Sugestões “práticas”

  1. Caderneta da Saúde da Criança. A Caderneta da Saúde da Criança — versão menino ou menina — é um precioso manual a ser lido, registrado e valorizado por pais e mães de crianças e jovens. Ela fornece espaço para anotações e acompanhamento do desenvolvimento físico e dá sugestões e apresenta referências valiosas sobre os processos de desenvolvimento das crianças e jovens. Os pais podem se valer dela para observarem eventuais dificuldades de seus filhos ao pleno desenvolvimento de suas habilidades.
  2. BNCC – Educação Infantil. Mesmo que a Base Nacional Comum Curricular tenha sido proposta para professores e gestores, pais e mães ganhariam muito, em proveito do melhor para seus filhos, lendo e refletindo o que lá é proposto para a Educação Infantil. Destaco em especial os direitos de aprendizagem e os campos de experiência. É que dificuldades de aprendizagem expressam justamente a impossibilidade ou limitação da criança para usufruir de tais direitos e experiências. Na BNCC – Educação Infantil os direitos de aprendizagem são: conviver, brincar, participar, explorar, expressar e se conhecer. Os campos de experiência são: o eu, o outro e o nós, corpo, gestos e movimentos, traços, sons, cores e formas, oralidade e escrita, espaços, tempos, quantidades, relações e transformações.
  3. Conhecer, observar e enfrentar. A tríade — “conhecer, perceber e enfrentar” — proposta pela Sociedade Paulista de Pediatria para a campanha Junho-Púrpura/Dificuldades de aprendizagem, de fato, é muito sábia. Cuidadores de crianças pequenas precisam conhecer, saber observar sinais e enfrentar o problema, buscando ajuda e orientação, no caso dos pais. Ademais, na internet, podem encontrar textos, vídeos e outros materiais que informam e discutem o assunto.
  4. Enriquecer os estímulos ambientais. O termo “dificuldades de aprendizagem” corre o risco de se supor que “dificuldades” são sempre das crianças. Em uma visão interacionista, contudo, dificuldades podem se localizar na pobreza, insuficiência ou pouca qualidade dos estímulos ambientais, ou seja, daquilo que crianças com tais dificuldades recebem de seus pais ou educadores bem como pouca ou má qualidade dos recursos materiais que elas necessitam para se relacionar com as coisas do mundo. Em outras palavras, às vezes a dificuldade não é só da criança, mas sim também do ambiente em que ela vive. Crianças precisam de estímulos “ricos” ao seu desenvolvimento e aprendizagem. É certo que a dificuldade pode estar relacionada à pouca sensibilidade de resposta da criança a estes estímulos. Por outro lado, os estímulos podem ter problemas de qualidade ou de quantidade, isto é, serem insuficientes ou, até mesmo, prejudiciais.
  5. Não se isolar, nem perder a esperança. Dificuldades de aprendizagem, sobretudo em crianças pequenas, afligem os pais, que se sentem com poucos recursos para lidar com o problema. Por isso é muito importante que possam recorrer a uma ajuda profissional qualificada. Isolar-se e perder a esperança não são o melhor a fazer neste caso. 

Considerações finais

Dificuldade é uma equação que expressa um desnível entre capacidade ou a condição (física, neurológica, social, emocional ou cognitiva) da criança responder a uma tarefa ou desafio, considerando o nível em que ele é proposto ou esperado que ela o domine. Tal desnível, além de implicar dificuldades de aprender, produz diversas formas de reação socioemocionais por parte da criança: desânimo, apatia, preocupação, raiva, sentimento de incapacidade, ansiedade.

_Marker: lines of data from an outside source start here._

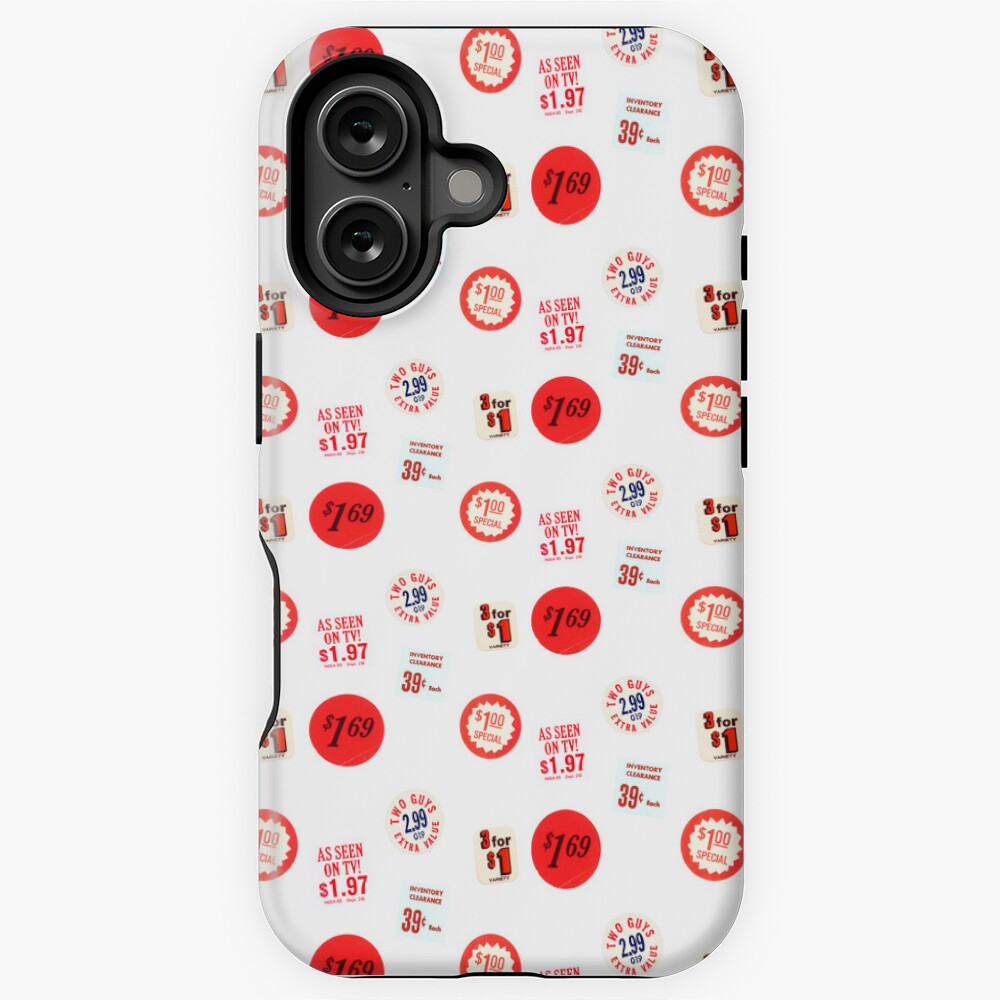 Item preview, iPhone Tough Case designed and sold by Catpuss.
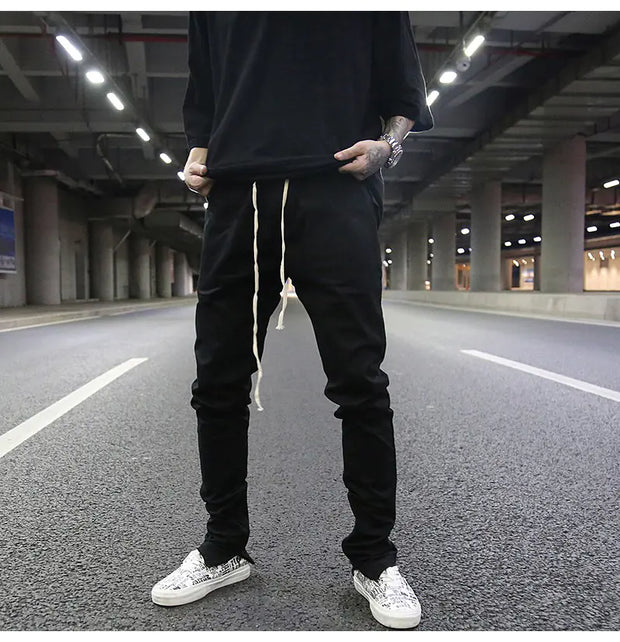 Elastic Trousers
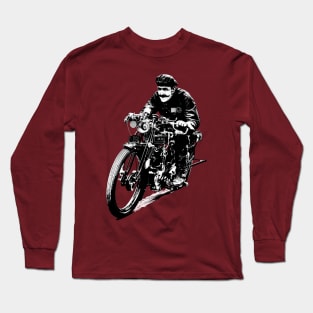 Vintage scoot Long Sleeve T-Shirt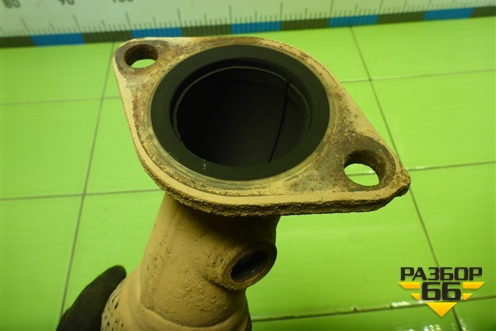 Приёмная труба глушителя (2.0л G4KD) для Hyundai ix 35 с 2010г (Ай икс 35)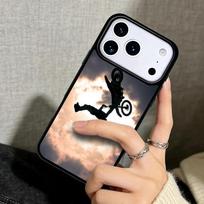Capa Case for iPhone 17 Air 16 Pro Max 15 Plus 11 13 Mini 14 12 Back Phone Cover Freestyle Motocross Sport iPhone 16 Plus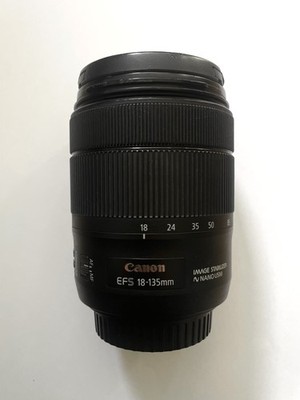 Canon EF-S 18-135mm f/3.5-5.6 IS Nano USM
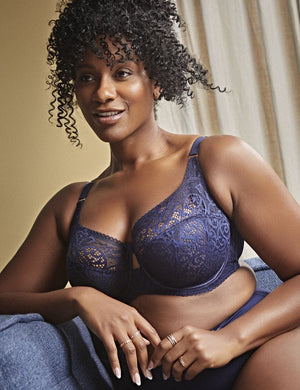 Sculptresse Bra - Basics Sculptresse Estel Full Cup Bra Navy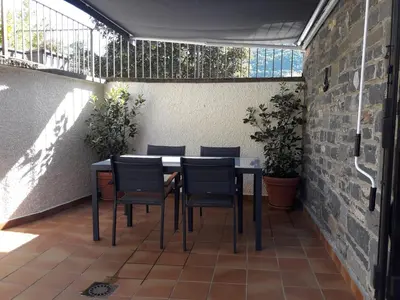 Un balcón o terraza de Casa Che Playa & Montaña Biescas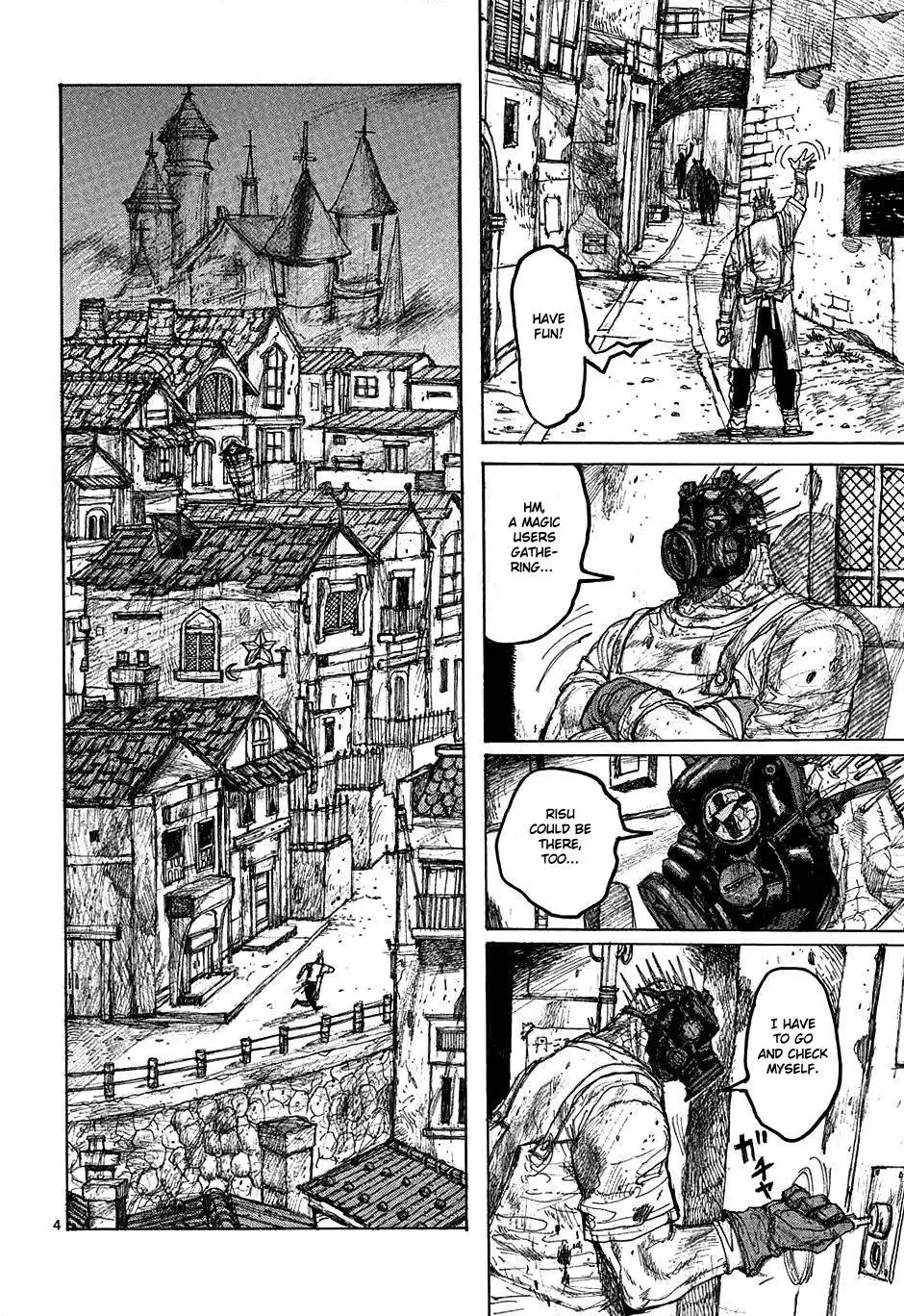 Dorohedoro Chapter 26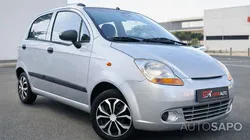 Chevrolet Matiz 0.8 SE AC de 2006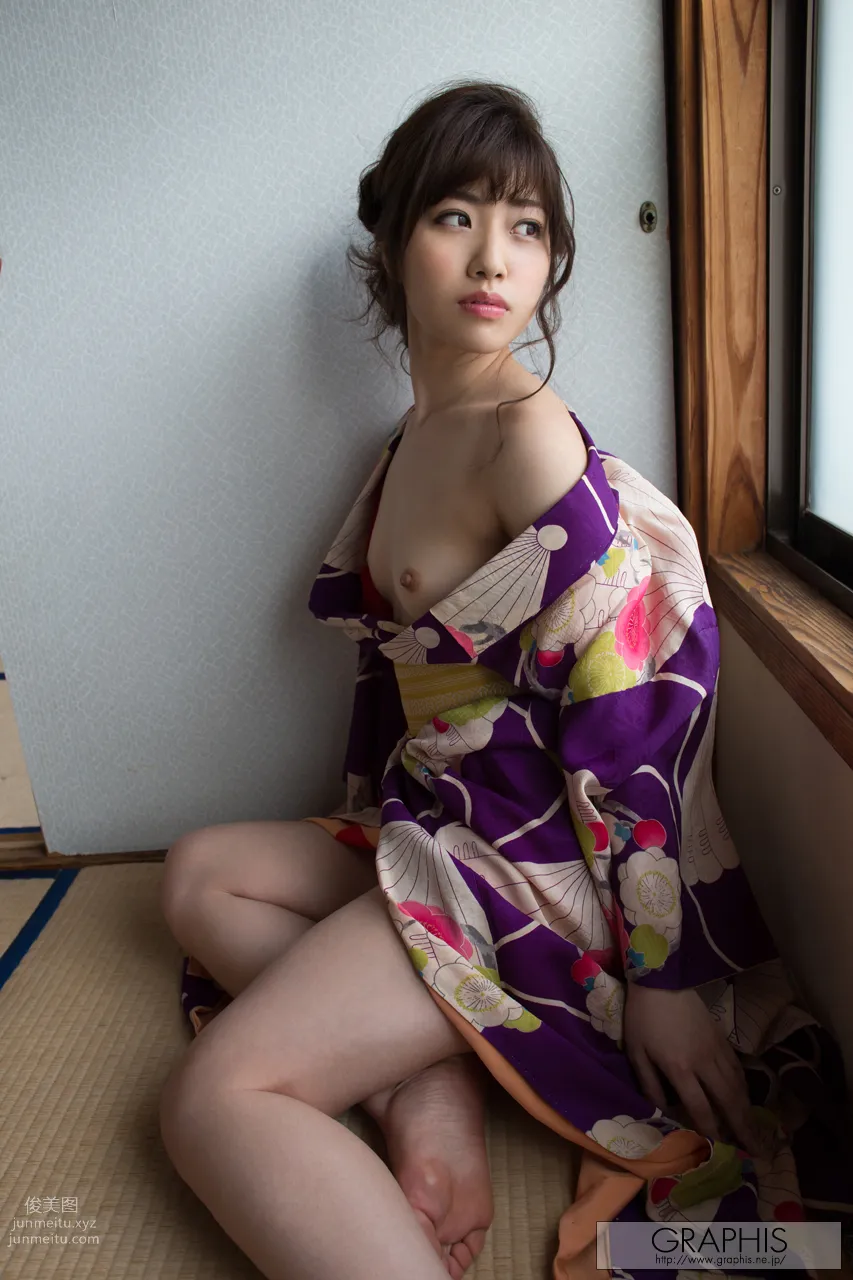 [Graphis] 2017.03 One a Day Arina Hashimoto 市川まさみ photo 14
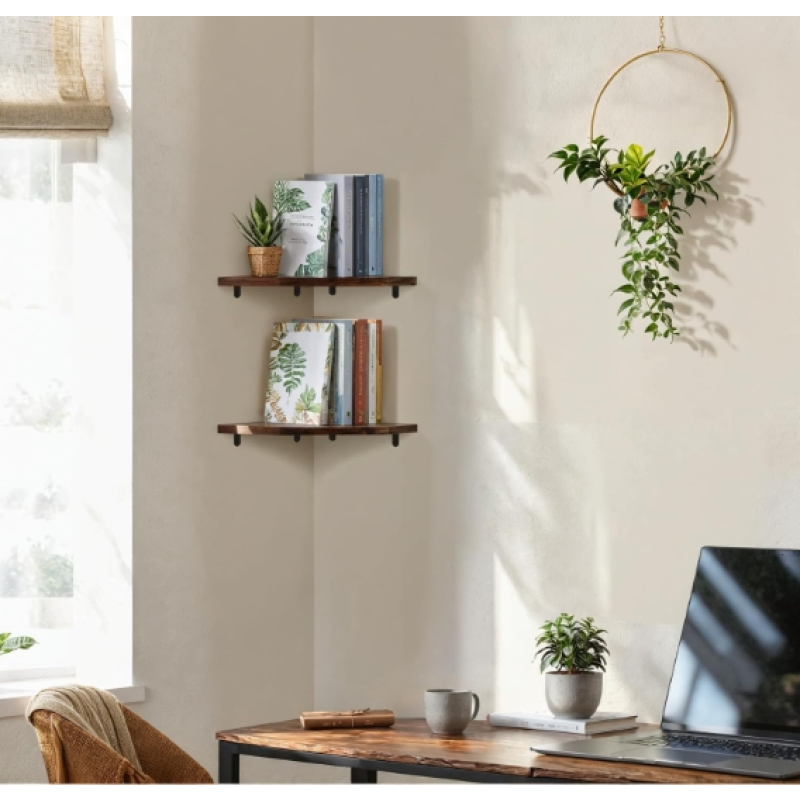 Book Shelves Supplier - Floating with Hardware Included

Crianças pequenas “precisam” ser – por natureza – egocêntricas, ou seja, estar voltadas para o desenvolvimento e a aprendizagem dos temas acima mencionados. Esta autocentração é crucial para que possam enfrentar e superar os imensos desafios de se tornar um ser humano, organizado internamente e socialmente adaptado. Por isso, crianças pequenas supõem adultos cuidadosos, amorosos, presentes e capazes de doarem o melhor de si em favor do melhor para elas, no combinatório das possibilidades de sua expressão. Além disso, supõem adultos capazes de compreender, conviver e perdoar as dificuldades que elas, em alguns ou muitos pontos, possam ter de forma eventual ou crônica.